I just want to welcome you to the forum . People will be along to share their experiences with you . They are a fantastic group of people who know how dismantling the initial period after diagnosis can be . They will help you find your feet and support you through this time until you are safely through .
In the mean time we also have a helpline 0808 808 0000 who would more than happy to chat anything through with you .
I am here for my mum who was a late stage diagnosis back in 2009 but remains well with the help of the NHS .

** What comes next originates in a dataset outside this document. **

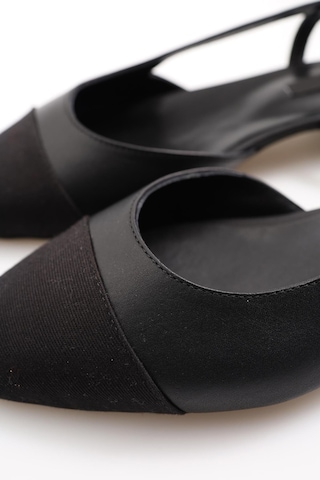 Siyah Slingback Babet 301-siyah Siyah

The first few weeks after diagnosis are awful, I cried a lot as did my family and the fear of an early death from cancer is terrifying. The unknown factors are also difficult to deal with as you don't know how far it might have spread and/or what treatment you might have to go through. I think everyone goes through this but over time it gets better and you do come out the other side of the panic. Once the Drs come up with a treatment plan you can concentrate on getting through it a stage at a time. You stop thinking about it every second of the day and you learn to enjoy the moment and laugh again. Just hang in there and have faith that you will learn to deal with it.
Hi Rog, Welcome to the club none of us expected to be joining. The beginning after a diagnosis can bring on very dark thoughts, you will quickly learn Rectal cancer can be very treatable. This site in particular with the great caring and helpful individuals has helped me on my journey more than I can say. The thought that helped me at the beginning was, the cancer didn't start at diagnosis it was already with in me, and its a damn good thing to have it discovered and fight it before it's able to do more damage. A whole lot of us have and are going through every treatment etc. you will be facing, so post often with questions and concerns. Staging of your cancer will be first so a treatment plan can be put in the works. Read individuals profiles and begin to fill out your own.
Please give me the strength to change what I can, accept what I can't change and the wisdom to know the difference.
You have already been told that this is about the worst part when they say you have cancer but they cannot tell you how bad it is or what the treatment might be.
Just a few things.
1) My doctor said that if he had to have any sort of cancer he would choose bowel/rectal cancer because it is so treatable.
2) Stay off the internet in terms of trying to find out life expectancy or anything like that. No, really, I mean it. It will frighten you witless because you will only find horror stories.
3) No matter how fit you are, getting a little bit fitter will help in the treatment. If you dont do much exercise then try to start walking. If you already do some exercise then step it up. It WILL help and it will give you something to focus on.
4) Try and be thankful the cancer has been found rather than it being undetected until later when it would have been much worse.
5) This part is NOT fun. I know, Ive been there and got the T shirt. It will seem so slow but you will get the results and you will get a treatment plan and then things will get better when you can focus on that.
6) REMEMBER. Do NOT talk to Dr Google. He is not a doctor and his only aim in life is to frighten you.
Thanks so much to you all. Your support and advice means so much to me and has lifted my spirits already. It is such a relief to know that others have been through this and come out the other side.
It is only natural to be worried and scared when you are given a diagnosis of rectal cancer.
I agree with all the posts particularly about not googling. I think if you do Google you'll scare yourself even more as there is a lot of false information out there. The only thing I googled was my surgeon.
I had an op for removal of a tumour from the rectum in July discovered through a bowel cancer screening test. I was terrified, as I think is normal,when I was told but immediately started thinking that if I was seeing a surgeon the medics must think they could do an operation to help me and I found this comforting. When I saw the surgeon a Macmillan nurse practitioner was present who gave me a card and told me to contact her if I had problems.
She has been with me throughout this journey and I have seen far more of her at the oncology clinic than the oncologist. I have not phoned her as she has phoned me every week to see how I am managing.
I tried and on the whole succeeded with replacing negative thoughts with positive ones like wasn't I lucky it had been discovered when it was. I carried on with life as normal and decided one way of helping me deal with the problem was by telling friends. Most were able to deal with it, everybody reacts in different ways,and are extremely supportive.
All the best and as someone else said welcome to the club you didn't want to be a member of and if you have problems at all just post and I am sure that you will receive helpful posts in return.
hi, I echo all that's been blogged about rectal cancer. I also was told on numerous visits to the Dr's that I had piles. After 18 months was referred to the hospital for a sigmoidoscopy. This revealed a walnut sized cancerous tumour.
My treatment was Chemo and radiotherapy followed by three ops. I had complications and also ended up with kidney disease. The Chemo and radiotherapy was painful - I won't lie. But this treatment shrunk the tumour before surgery. That was 2011. My Stoma is part of me and although it can take a while to get used to you DO get used to it. Wishing you strength of mind and a straightforward pathway. KathH2
I also was told three weeks ago it was piles. My gp said the waiting list was long for NHS treatment. So I opted to go private, the consultant find a lump where the gp didn’t. I’m very blessed and grateful that I could afford to go private.